Scraped caption text data
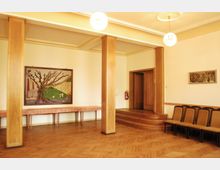 Ein heller Raum mit Parkettboden, Holzwandverkleidungen und einer kleinen erhöhten Bühne mit Treppenstufen. An den Wänden hängen zwei Kunstwerke, darunter ein großes Bild mit einem Baummotiv, und auf der rechten Seite befinden sich gepolsterte Stühle.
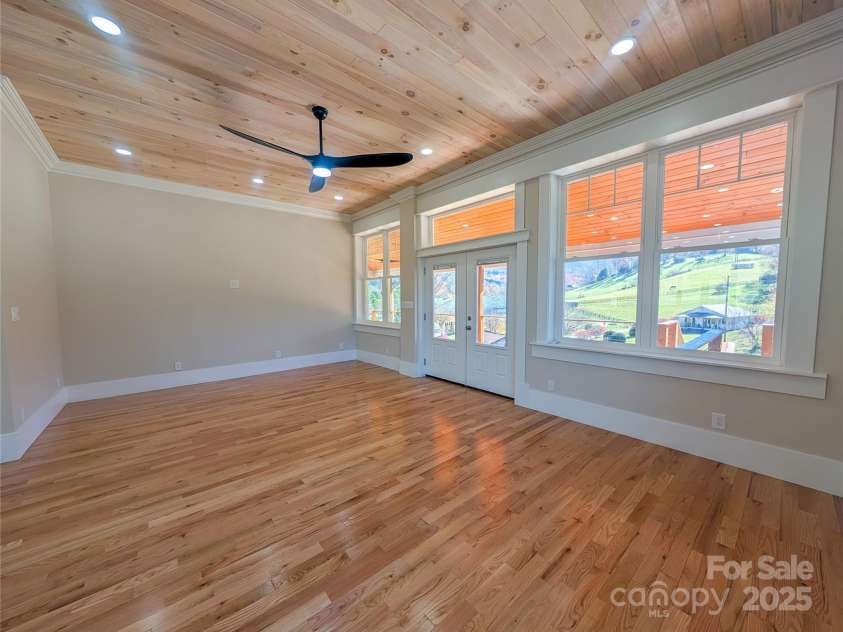 7854 US Highway 19E None, Burnsville, NC 28714.  MLS# CAR4319007, YatesRealty ID 2260. Enjoy beautiful pastoral mountain views from large insulated pela windows in optional living area that also has access to covered back porch!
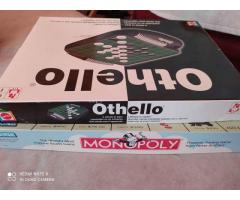 Othello and Monopoly board games. Both hands for $12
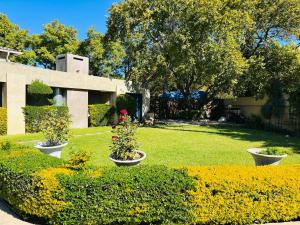 a garden with flowers inront of a building at Guest On 97 in Gaborone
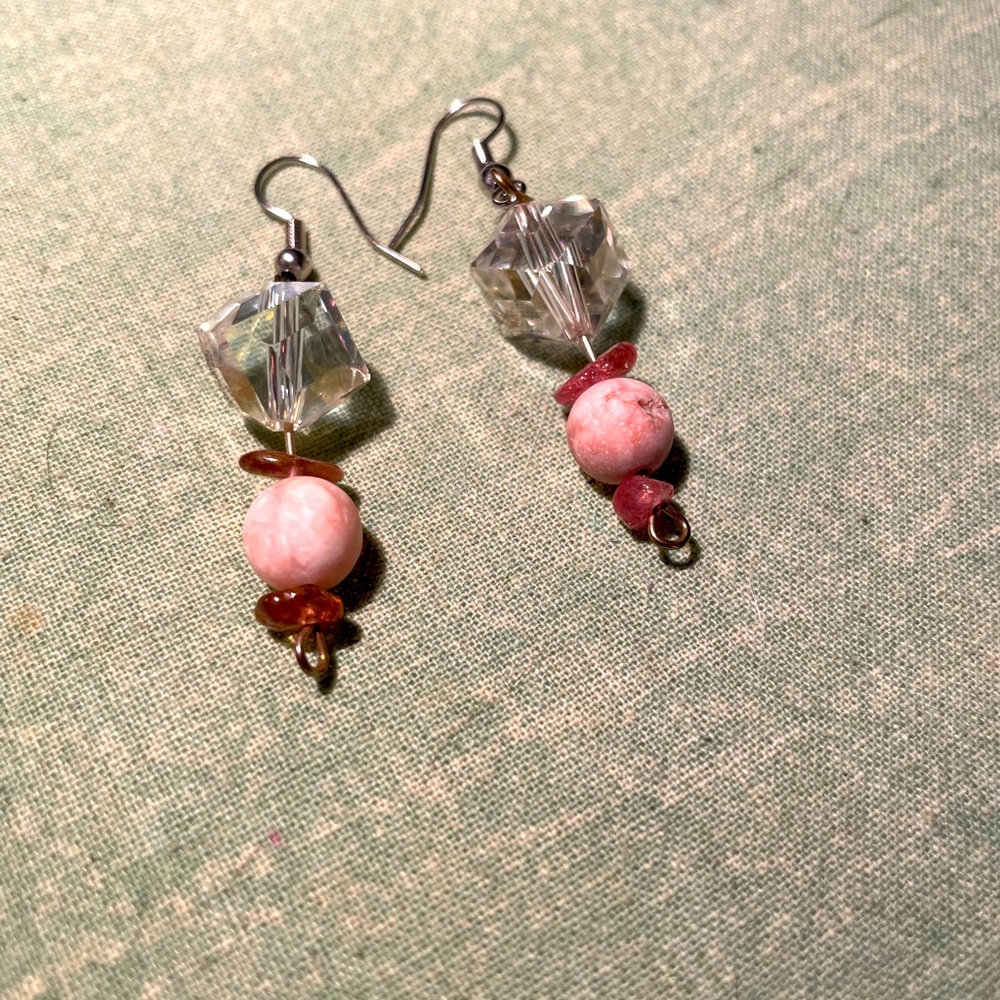 Crystal with a touch of pink. Very delicate.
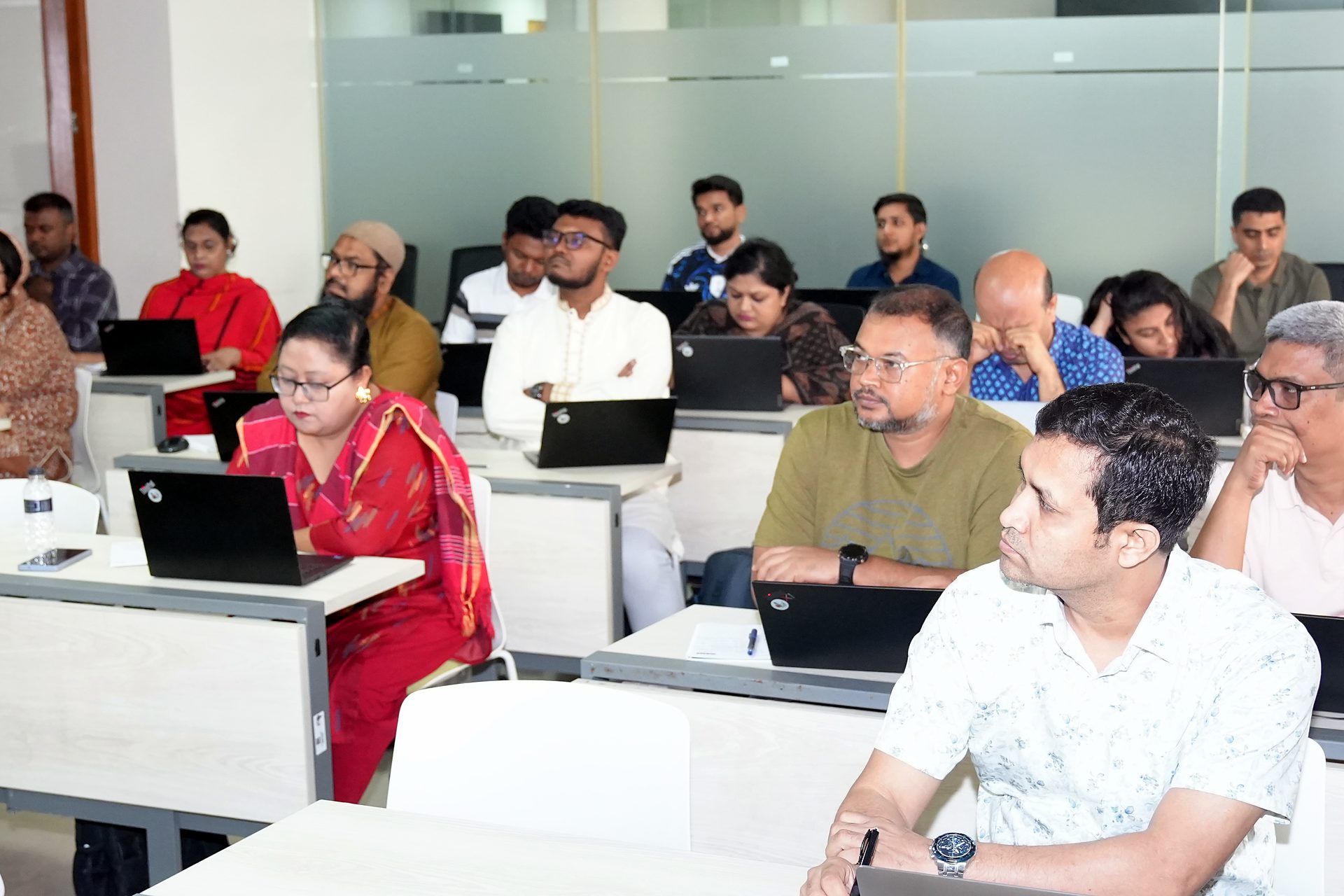 Participants at their laptops during Day 4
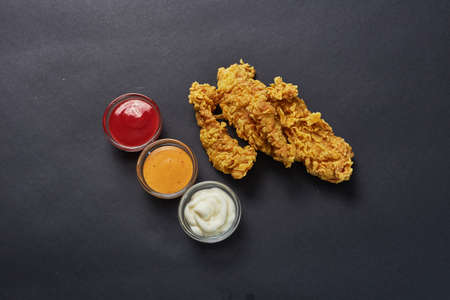 crispy kentucky fried chicken in beauty black backgroundの写真素材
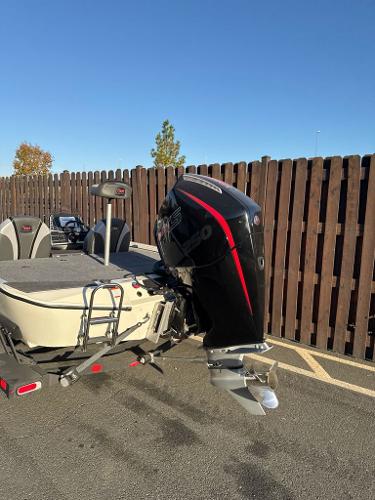 2025 Ranger ALPHA 208 boat with powerful outboard motor, parked outdoors.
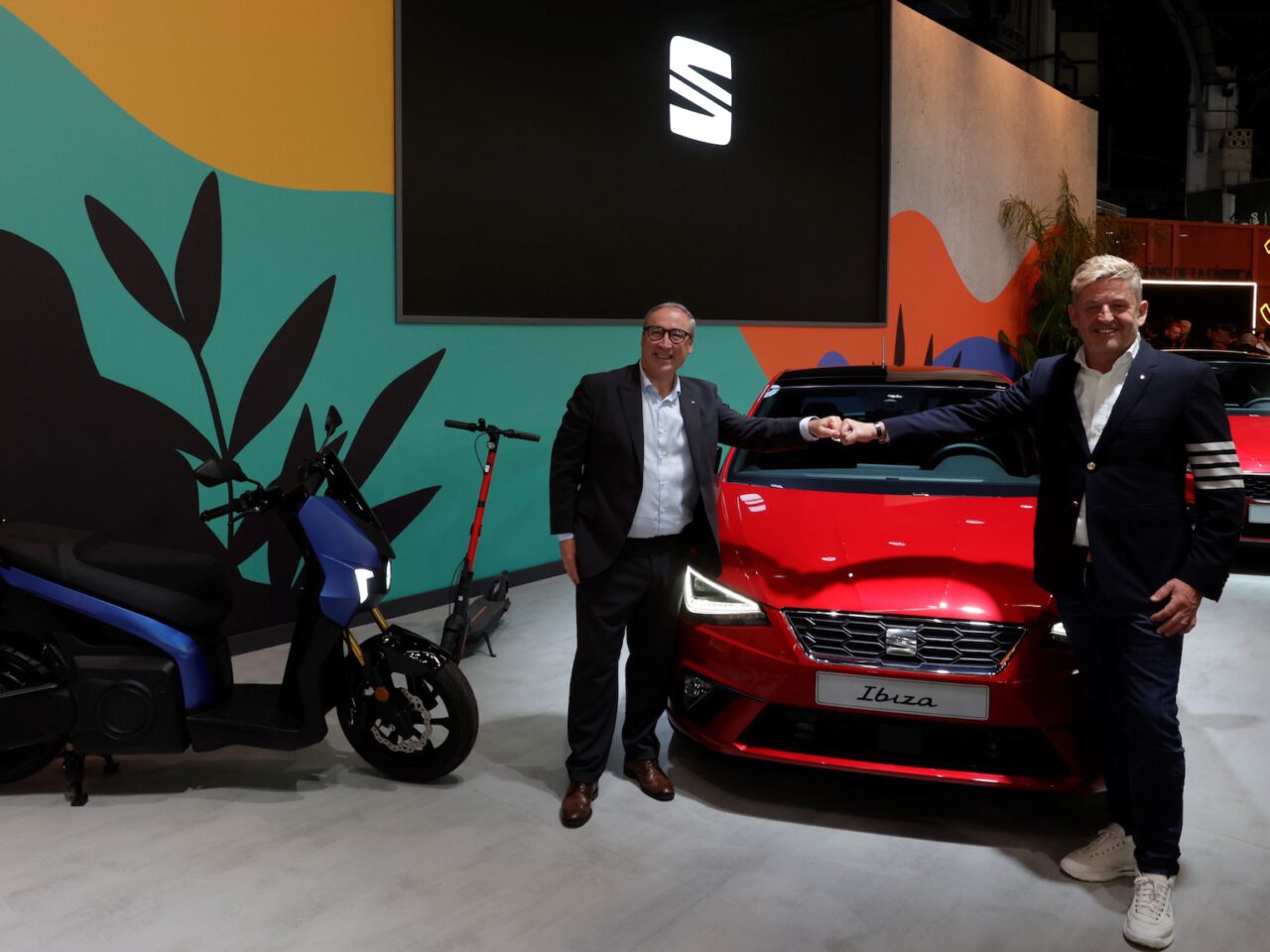 Twee mannen in formele kledij staan voor een rode SEAT Ibiza-auto elkaar de hand te schudden. Naast hen staan een elektrische scooter en een ander voertuig. Op de achtergrond is een kleurrijke muur met het prominente SEAT-logo zichtbaar.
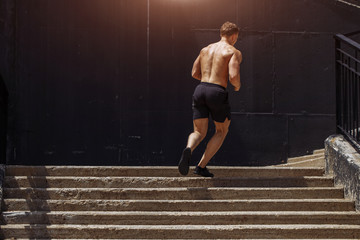 Full length of young African man in sports clothing running down the stairs while exercising...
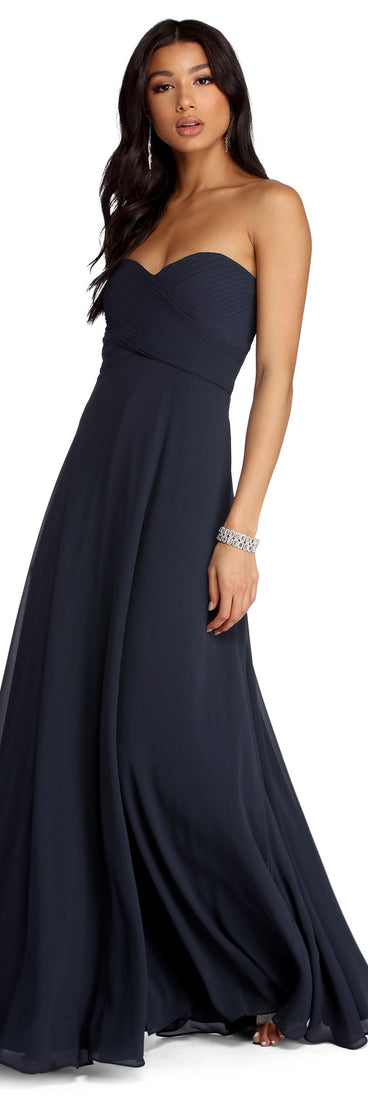 The Audrey Pleated Sweetheart Dress is a gorgeous pick as your 2023 prom dress or formal gown for wedding guest, spring bridesmaid, or army ball attire!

__Work order__. In the answer, the entries should be restated verbatim, with all pictures omitted.

__Solution to this task__.
 Ein heller Raum mit Parkettboden, Holzwandverkleidungen und einer kleinen erhöhten Bühne mit Treppenstufen. An den Wänden hängen zwei Kunstwerke, darunter ein großes Bild mit einem Baummotiv, und auf der rechten Seite befinden sich gepolsterte Stühle.
 7854 US Highway 19E None, Burnsville, NC 28714.  MLS# CAR4319007, YatesRealty ID 2260. Enjoy beautiful pastoral mountain views from large insulated pela windows in optional living area that also has access to covered back porch!
 Othello and Monopoly board games. Both hands for $12
 a garden with flowers inront of a building at Guest On 97 in Gaborone
 Crystal with a touch of pink. Very delicate.
 Participants at their laptops during Day 4
 crispy kentucky fried chicken in beauty black backgroundの写真素材
 2025 Ranger ALPHA 208 boat with powerful outboard motor, parked outdoors.
 Twee mannen in formele kledij staan voor een rode SEAT Ibiza-auto elkaar de hand te schudden. Naast hen staan een elektrische scooter en een ander voertuig. Op de achtergrond is een kleurrijke muur met het prominente SEAT-logo zichtbaar.
 Full length of young African man in sports clothing running down the stairs while exercising...
 The Audrey Pleated Sweetheart Dress is a gorgeous pick as your 2023 prom dress or formal gown for wedding guest, spring bridesmaid, or army ball attire!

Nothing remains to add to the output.